Like all good reporters, the bot was quick to make clear that it wasn’t really its fault. It was just bad information. Having been first with the news, the bot made sure it was first with the correction.

Built in about 2012 by journalist Ken Schwencke, the LA Times quake bot works something like this: it reads an alert from the United States Geological Survey (USGS) about earthquakes and applies a journalistic rule of thumb to assess newsworthiness based on magnitude and distance from Los Angeles. Then it applies basic journalist writing style to turn the USGS alert into a news alert, which can be distributed through the LA Times channels.

Of course, being a bot — which in this case means a line of code sitting on the LA Times server — the bot reporter does this more quickly than it takes to read this, and certainly much more quickly than it would take a human reporter to scan the survey, make the same assessment, punch out the key strokes and press send.

Where this particular bot reporter got into trouble was from that very old computer principle: garbage in, garbage out (with a touch of a Y2K hangover). A USGS researcher was correcting the historic record about the exact centre of a genuine earthquake in 1925. The USGS warning system read the correction as a new event and put out an alert, which the LA Times quake bot read, parsed according to its rules and turned into breaking news.

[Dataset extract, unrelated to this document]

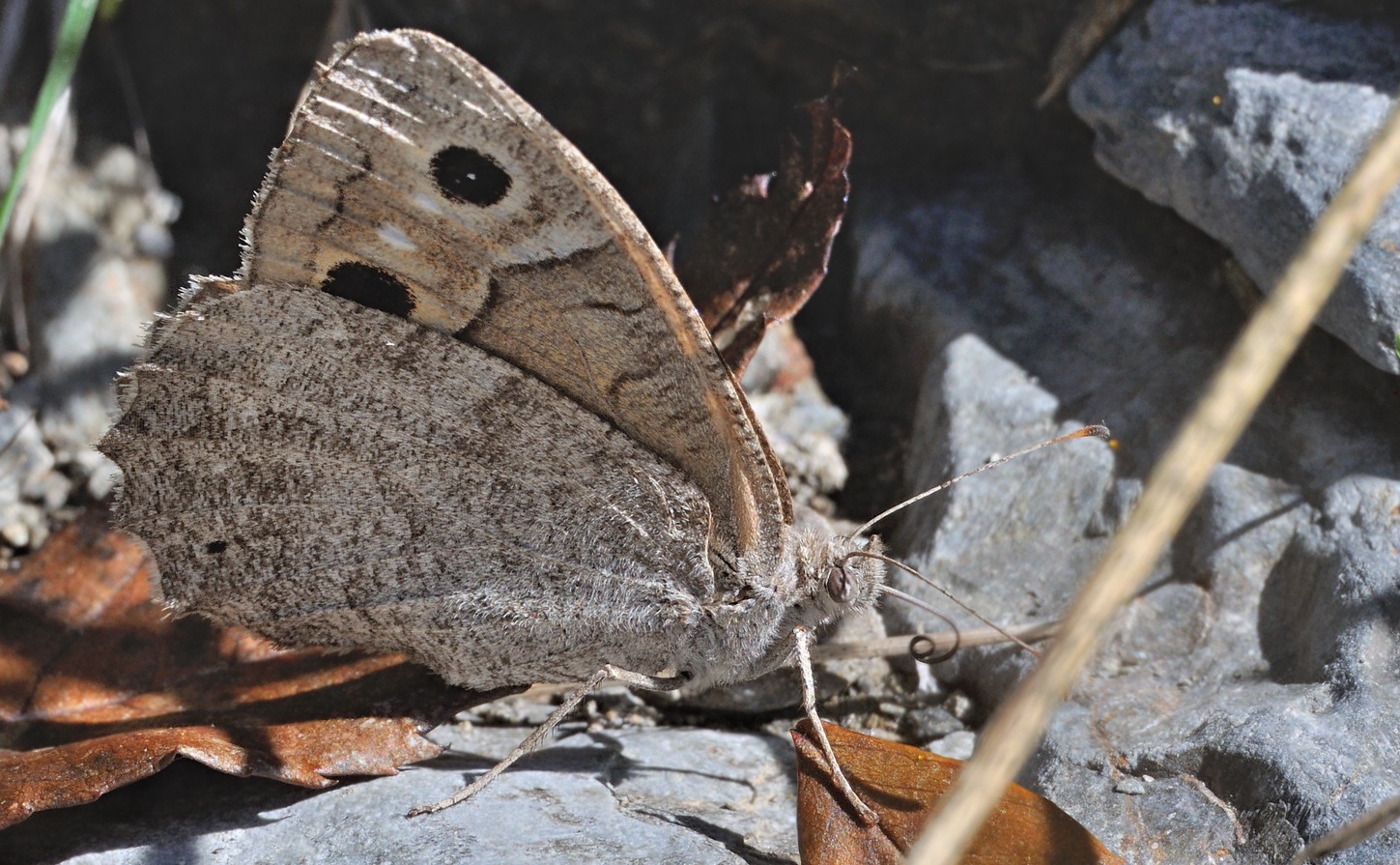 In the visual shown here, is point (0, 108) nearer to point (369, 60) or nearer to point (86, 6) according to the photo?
point (86, 6)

The error was quickly corrected by the USGS and by the quake bot in turn, within a matter of minutes, proving again the online adage: “If it’s wrong, it’s not wrong for long!”

OK, a wryly amusing story about the world of bots. But more than that, it alerts us to the increasing role that bots are playing in the news ecosystem, whether we’re aware of it or not. And we’re only at the beginning.

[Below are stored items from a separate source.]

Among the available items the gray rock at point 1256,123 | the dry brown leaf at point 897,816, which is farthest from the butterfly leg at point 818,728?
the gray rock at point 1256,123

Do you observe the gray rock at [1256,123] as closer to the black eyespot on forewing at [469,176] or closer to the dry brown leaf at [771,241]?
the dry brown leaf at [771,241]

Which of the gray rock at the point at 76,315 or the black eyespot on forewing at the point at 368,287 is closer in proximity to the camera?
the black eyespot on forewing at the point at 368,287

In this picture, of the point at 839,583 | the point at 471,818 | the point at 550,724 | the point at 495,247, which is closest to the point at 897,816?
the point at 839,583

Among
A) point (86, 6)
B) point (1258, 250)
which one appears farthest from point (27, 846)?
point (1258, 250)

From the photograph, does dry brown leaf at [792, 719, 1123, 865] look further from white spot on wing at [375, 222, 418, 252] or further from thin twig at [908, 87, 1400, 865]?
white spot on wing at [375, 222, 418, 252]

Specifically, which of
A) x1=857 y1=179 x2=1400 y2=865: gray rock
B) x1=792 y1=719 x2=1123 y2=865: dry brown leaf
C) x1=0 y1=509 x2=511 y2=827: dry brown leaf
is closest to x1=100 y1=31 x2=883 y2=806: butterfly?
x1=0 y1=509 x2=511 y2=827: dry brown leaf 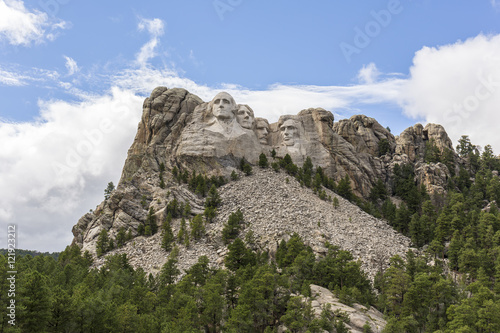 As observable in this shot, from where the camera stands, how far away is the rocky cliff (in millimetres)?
86375

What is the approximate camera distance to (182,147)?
112250 mm

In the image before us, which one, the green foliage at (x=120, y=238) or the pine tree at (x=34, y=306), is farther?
the green foliage at (x=120, y=238)

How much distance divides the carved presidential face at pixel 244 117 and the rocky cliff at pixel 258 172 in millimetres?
253

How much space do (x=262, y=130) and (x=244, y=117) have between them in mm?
7253

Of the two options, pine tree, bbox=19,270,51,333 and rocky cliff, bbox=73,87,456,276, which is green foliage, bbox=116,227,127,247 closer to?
rocky cliff, bbox=73,87,456,276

For a lot of journalists, there’s something existentially terrifying about this: You’re telling me the creative principles of journalism can be boiled down to lines of code?

Yep: In this case What+/-Where+/-When = Newsworthiness.

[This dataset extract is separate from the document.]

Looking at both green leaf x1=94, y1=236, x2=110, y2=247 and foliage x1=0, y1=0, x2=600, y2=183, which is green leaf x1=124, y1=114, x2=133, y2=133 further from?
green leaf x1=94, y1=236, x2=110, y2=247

Hang on, there computer! That’s OUR job.

It’s in commodified data-dependent news that bots work best: sport match reports, financial announcements, government reports, police alerts and, of course, earth tremors. They are most common when speed matters. For example, The Washington Post used a bot to turn around results from the Rio Olympics.

[Can robots do journalists’ jobs better than we can?]

But before we get too panicked, let’s remember a lot of this is formulaic drudge work. If we’re honest, no human really wanted to do it. Often it was “training” work that, apparently, taught the value of accuracy. Now that major news organisations have about half as many journalists as a decade ago, getting a bot to do this drudge work is just good use of resources.

More significant is that bots are now enabling us to personalise those stories. Most of the billions of bot stories generated each year are for an audience of one. For example, if you play fantasy football, you can receive a “news” report as if you’re fantasy team actually played. Or for your daughter’s under-10 cricket team’s best plays of the weekend. You provide the data, get back a journalistically written match report for publishing to family and friends.

So, in commodified news, bots aren’t so much replacing reporters as back-filling the gaps the job losses are leaving and creating new opportunities, particularly in what we can call audience-of-one news.

Now, bots are being designed to learn to use artificial intelligence to work with human reporters to uncover stories that would otherwise be missed, particularly data-heavy work — such as politicians’ expenses. This strengthens journalism by expanding both scope and scale of the stories we can tell.

As a delaying tactic, there is a tendency by politicians and bureaucrats to attempt to gum up the works, by making data hard to access, often relying on hand-writing or protected PDFs, which require hacking or specialised Optical Character Recognition or re-keyboarding to get the data into a form that the bot can process.

But it’s just a delay. Journalists are experimenting with bots and AI to process data, write reports and even handle the bad bots of fake news. This will only increase. Soon, it will be universal in news organisations.

So what will we need people for once they’ve coded the bots? Creativity, empathy, character: the very human side of story-telling.

*Disclosure: Christopher Warren is developing a conversation platform using bots and AI to tell personal stories in superannuation.